◆ EXERCISE GOAL:
Each line of the data must be given back verbatim, with pictures removed.

=-=-=

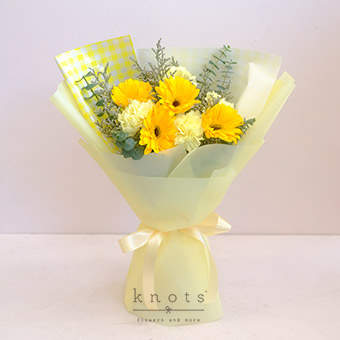 Upsy Daisy (Yellow Gerbera Bouquet)
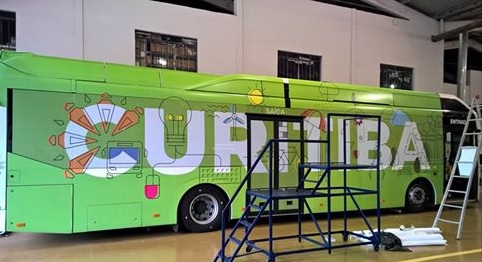 | Facebook/Reprodução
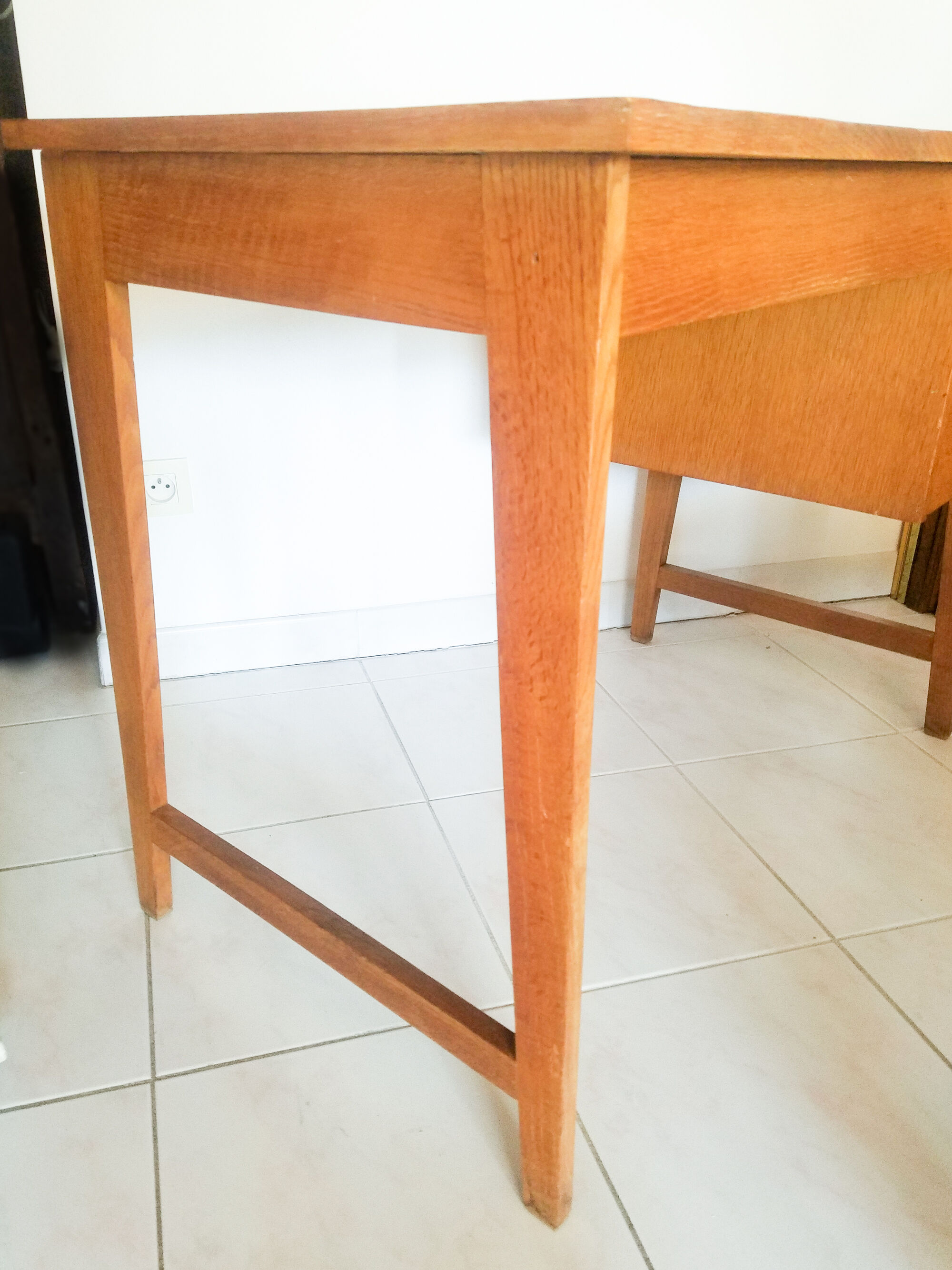 Vintage 1950 oak desk and oak grazing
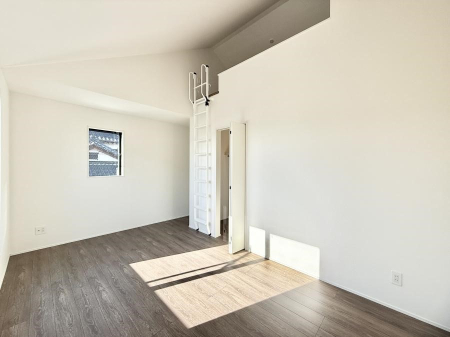 �Q�� �������V���v���ȋ�ԂŁA���[�t���x�b�h��f�X�N�ȂǁA���@�\�ȉƋ�����p���₷���ł�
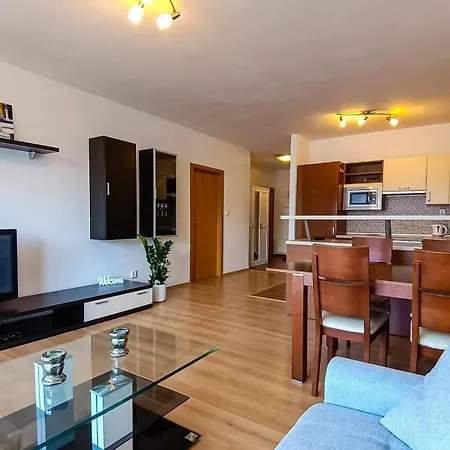 Lägenhet Modern Flat, Balcony, Garage Bratislava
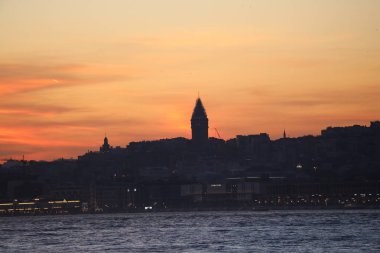İstanbul manzarası ve gün batımında galata kulesi.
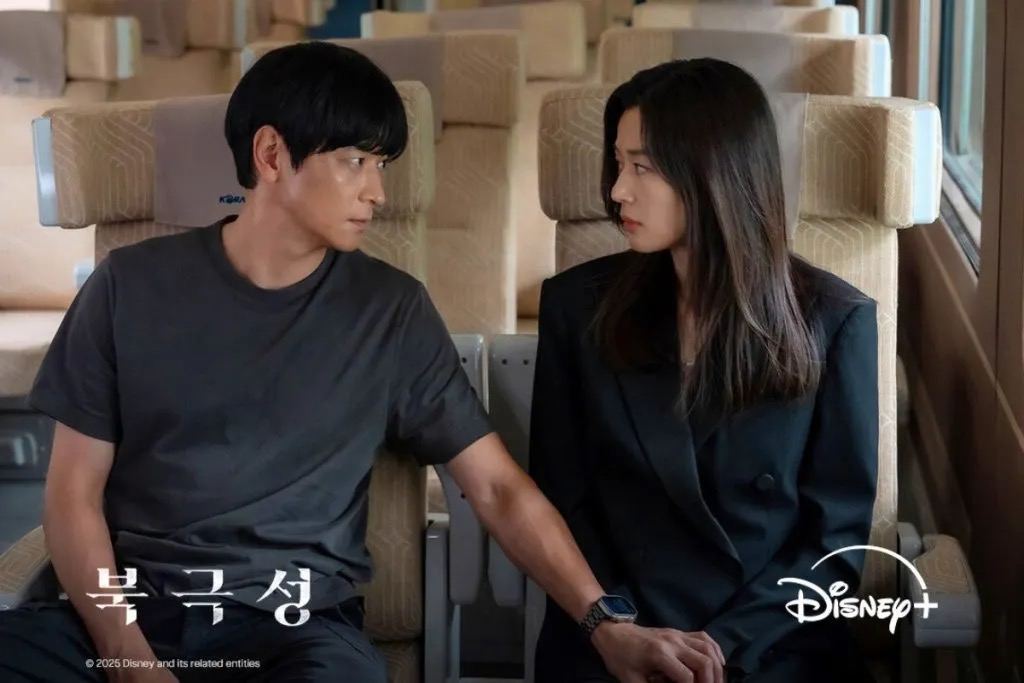 Tạo hình nữ ngoại giao sang chảnh, quyền lực và ấn tượng của Jeon Ji Hyun trong Tempest. (Ảnh: Instagram)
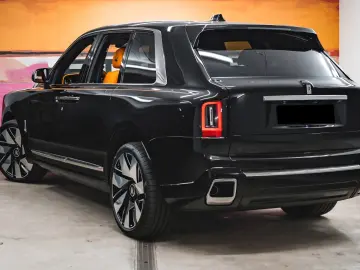 Rolls-Royce Cullinan Black Badge - LIVRARE RAPIDA!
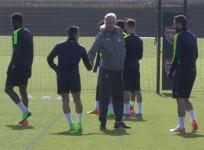 Alexis Sanchez shakes Arsene Wengers hand after training ground bust-up rumours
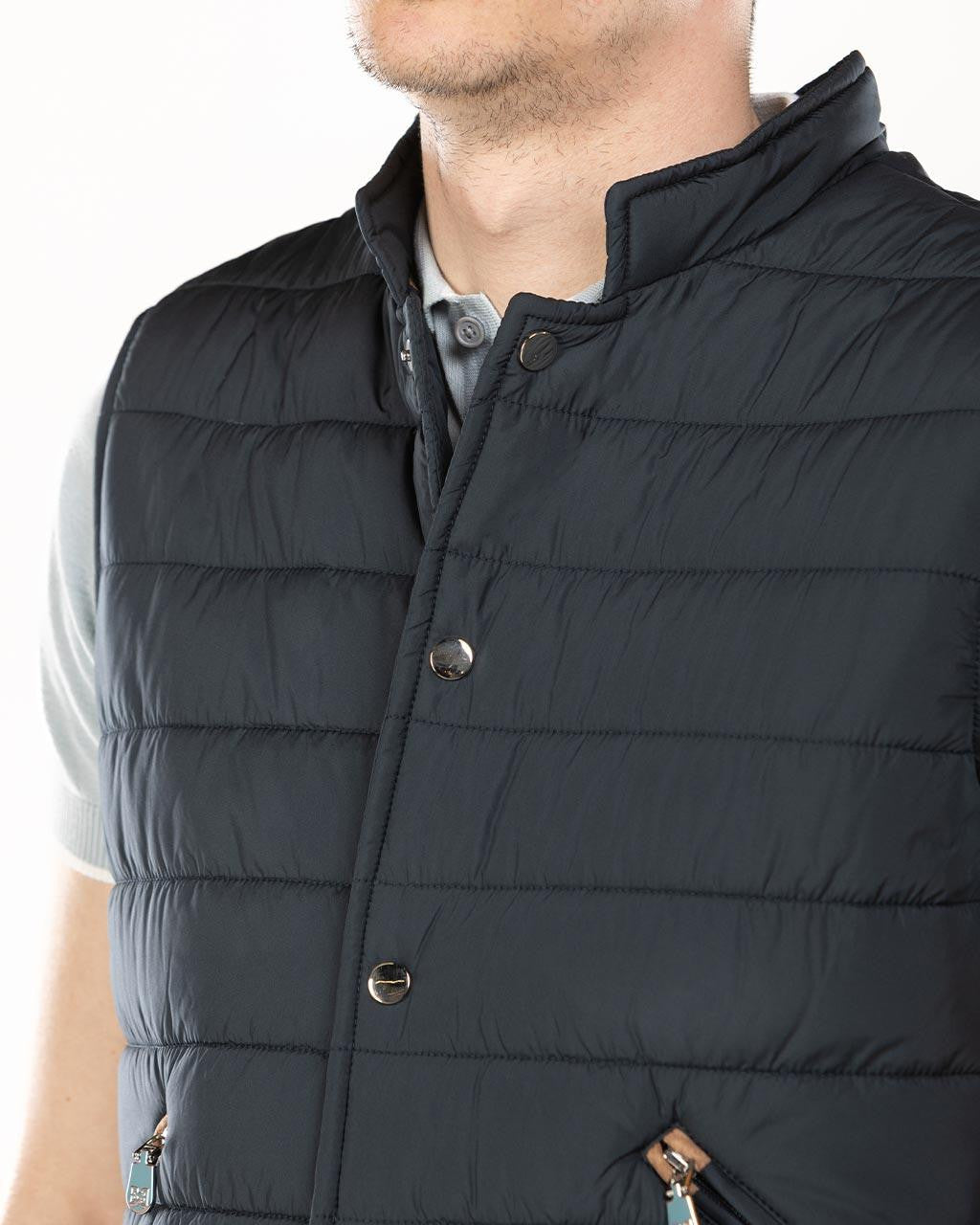 MOŠKI BREZROKAVNIK Z GUMBI 50-51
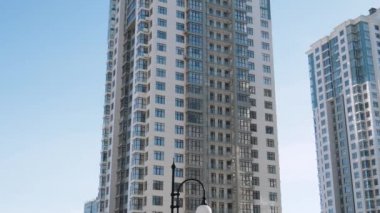 Düşük açılı establishihg atış modern yerleşim bölgesinde binaların mimari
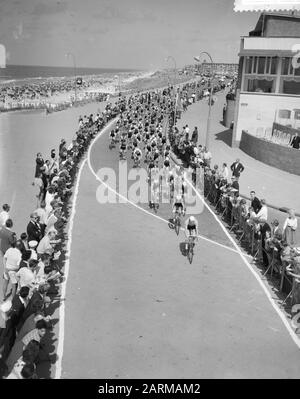 Campionati del mondo dilettanti in bicicletta sulla strada a Zandvoort, la peleton tira da Zandvoort Data: 15 agosto 1959 Foto Stock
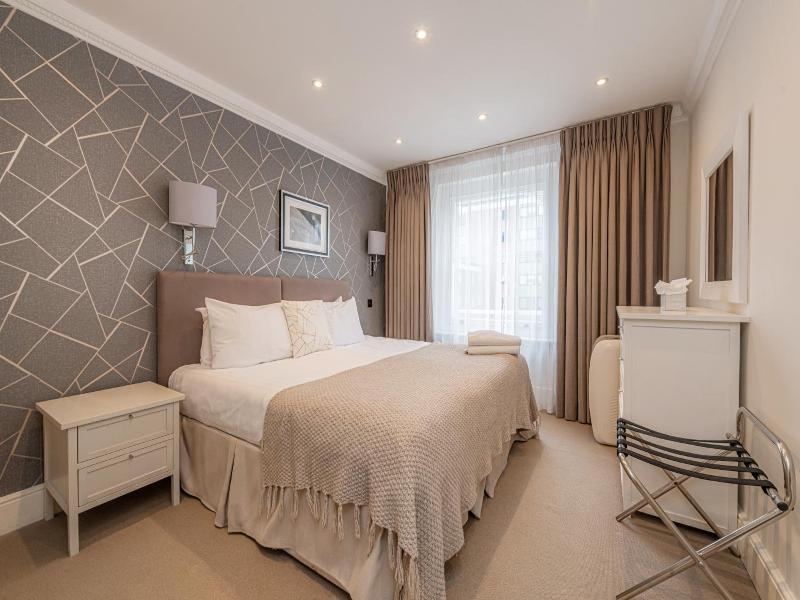 Queensgate Court Apartments image
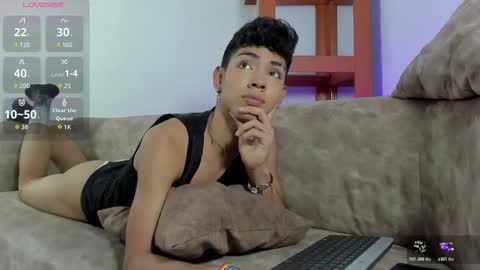 Snapshot of logantwink18 chatting on 11.04.25 logantwink18 online show from 11.04.25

=-=-=

◆ WRITTEN ANSWER:
 Upsy Daisy (Yellow Gerbera Bouquet)
 | Facebook/Reprodução
 Vintage 1950 oak desk and oak grazing
 �Q�� �������V���v���ȋ�ԂŁA���[�t���x�b�h��f�X�N�ȂǁA���@�\�ȉƋ�����p���₷���ł�
 Lägenhet Modern Flat, Balcony, Garage Bratislava
İstanbul manzarası ve gün batımında galata kulesi.
 Tạo hình nữ ngoại giao sang chảnh, quyền lực và ấn tượng của Jeon Ji Hyun trong Tempest. (Ảnh: Instagram)
 Rolls-Royce Cullinan Black Badge - LIVRARE RAPIDA!
 Alexis Sanchez shakes Arsene Wengers hand after training ground bust-up rumours
 MOŠKI BREZROKAVNIK Z GUMBI 50-51
 Düşük açılı establishihg atış modern yerleşim bölgesinde binaların mimari
 Campionati del mondo dilettanti in bicicletta sulla strada a Zandvoort, la peleton tira da Zandvoort Data: 15 agosto 1959 Foto Stock
 Queensgate Court Apartments image
 Snapshot of logantwink18 chatting on 11.04.25 logantwink18 online show from 11.04.25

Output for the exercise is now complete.